The 2-phase commit protocol is generally executed by being divided into two phases. The first phase is a prepare phase. In this phase, the coordinator records the message requesting to prepare the local transaction in its own log and transmits the prepare message to each participant. Each participant receives the prepare messages and records the prepare message in its own log when it may perform the local transaction. The participant then transmits the prepare message to the coordinator.
As such, all the participants and the coordinator permanently leave in the logs that each local transaction reaches the prepare phase. In the above process, if some participants cannot process the local transaction, the coordinator recognizes the failure of the local transaction and requests all the participants to abort their local transactions.
The second phase is a commit phase. The phase is performed after it is confirmed that all the participants and the coordinator are in the prepare phase. The coordinator requests all the participants to perform the commit. Each participant performs the commit and then transmits a reply to the request to the coordinator. In this case, each participant remains information on the commit in its own log for durability.
When the coordinator receives replies that the commit succeeds from all the participants, the coordinator determines that a global commit succeeds. Even though the commit of the local transaction fails in some participants, the commit of the local transaction may succeed in the other participants, and therefore, the coordinator may not immediately determines the success and failure of the commit. In this case, a post-processing work needs to be performed for consistency of the distributed transaction. The post-processing work may depend on a configuration of the distributed system and may include, for example, a presumed abort type and a presumed commit type.
Each participant cannot determine whether the commit of the local transaction is performed after the first phase succeeds and prior to proceeding to the second phase. Thus, even though the distributed system approaches corrected data due to the local transaction, it is impossible to see the data. In other words, since it may determine that each transaction succeeds only when the commit is performed in the second phase, the transaction in the prepare phase seems like a state doing nothing.
The 2-phase commit protocol needs to generate a request-reply set with all the participants twice, which is the obstacle to the performance of the distributed system. In order to solve the above problem, various methods for simplifying the protocol have been proposed.
One of the methods is a 1-phase commit protocol. A 1-phase commit introduces implicit yes-vote that allows the coordinator log and the participants to make the transaction into the prepare phase in advance whenever the transaction is progressed therebetween. In this case, the additional logs remain in the coordinator and the participants and there is a need to change the state of the participants every time a new work enters.
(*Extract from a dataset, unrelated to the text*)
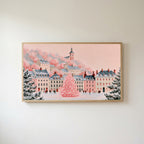 Pink Christmas village Frame TV art in an oak frame on a warm white wall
Further, the coordinator's log needs to be recorded in a data storage device such as a hard disk. Hereat, if the performance and speed of the data storage device is relatively low or slow, cycle of the commit is increased.
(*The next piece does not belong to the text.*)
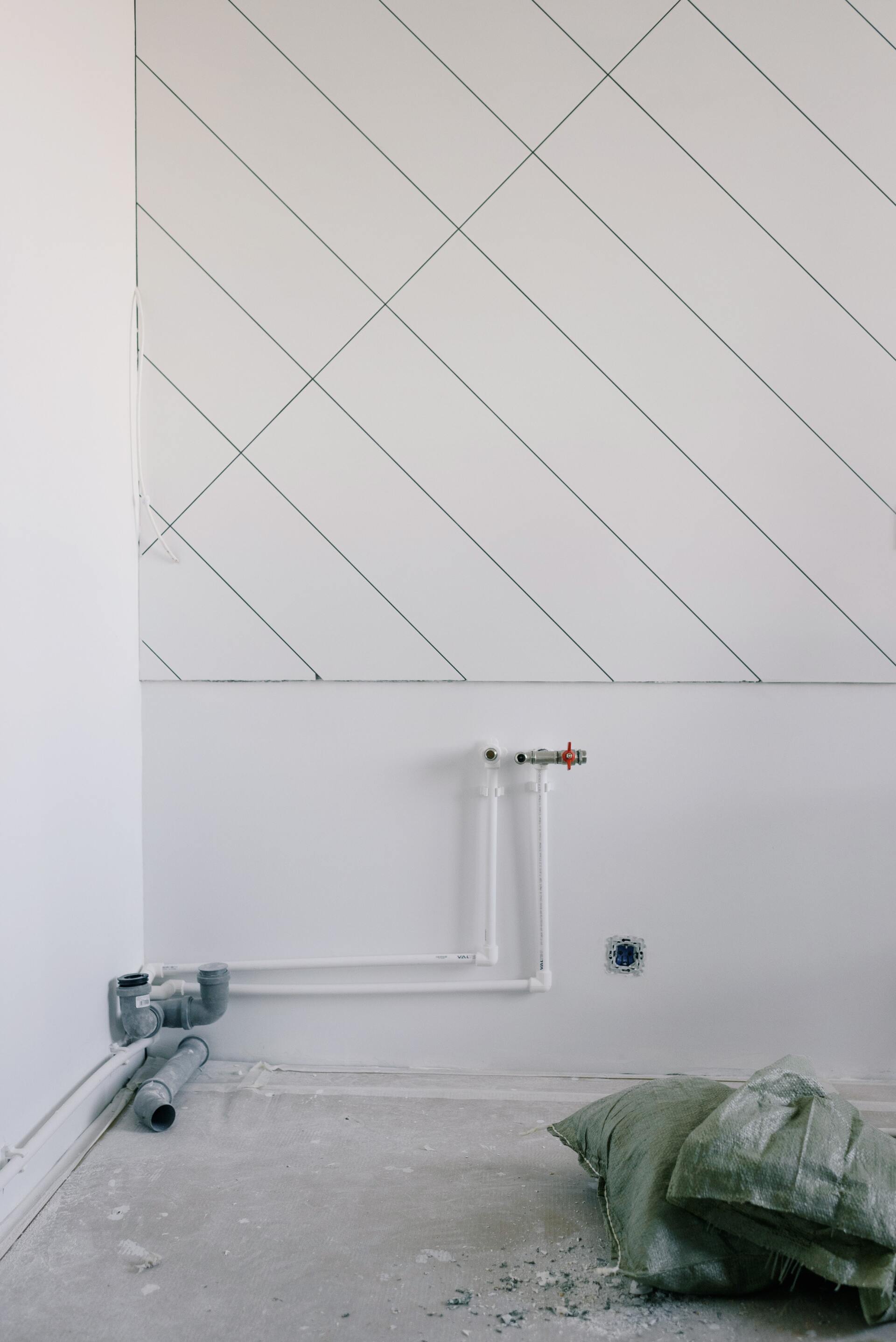Partially finished room wall with diagonal tile pattern, exposed pipes, and construction materials on the floor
Recently, as a demand for a large-capacity system is increased, a distributed system environment frequently introduces a replica into the system so as to ensure the durability and availability of data. More specifically, the distributed system environment has a replica for a specific data or machine and thus, provides the same data and service as an original using the replica even under the situation in which it cannot approach the original data or machine.
However, it is very difficult for the distributed system environment having a replica to apply a processing type of the existing distributed transaction. That is, the distributed system needs to be configured to support the 2-phase commit protocol for processing the distributed transaction and add a load required to perform communication between the original and the replica.
In view of the above, the present invention provides a system and method for optimizing a commit of a distributed transaction by reducing a commit procedure of the distributed transaction in the distributed system.
In accordance with a first aspect of the present invention, there is provided a method for processing transactions in a distributed system including a plurality of nodes each of which has its own replica, which includes: transmitting, by each node, a commit log of a transaction to its own replica; and receiving, by each node, a reply to the commit log from the replica to complete the commit of the transaction.
In an exemplary embodiment of the method, the transaction is a local transaction.
In an exemplary embodiment of the method, each node has at least one replica so as to ensure durability in the distributed system.
In accordance with a second aspect of the present invention, there is provided a method for processing transactions in a distributed system including a plurality of nodes, wherein each node has its own replica, and one of the nodes plays a role of a coordinate to which a transaction is requested and remaining nodes becomes participants. The method includes: transmitting, by the coordinator, a commit log of a transaction to its own replica; receiving, by the coordinator, a reply to the commit log from the replica; transmitting, by the coordinator, a commit message requesting the commit of the transaction to all the participants; and performing, by each of the participants, the commit of the transaction based on the commit message.
In an exemplary embodiment of the method, the coordinator does not require a reply to the commit message from each participant.
In an exemplary embodiment of the method, the method further includes: acquiring a post confirmation for the commit of the transaction to the coordinator, wherein the post confirmation is acquired by some of the participants that do not receive the commit message transmitted from the coordinator or fails to perform the commit.
In an exemplary embodiment of the method, the acquiring a post confirmation includes: periodically checking, by each participant, whether the commit message is received; inquiring, by each participant, of the coordinator whether the commit message was transmitted when the commit message has not been received; and performing, by each participant, the commit or abort of the transaction according to a reply to the inquiry from the coordinator.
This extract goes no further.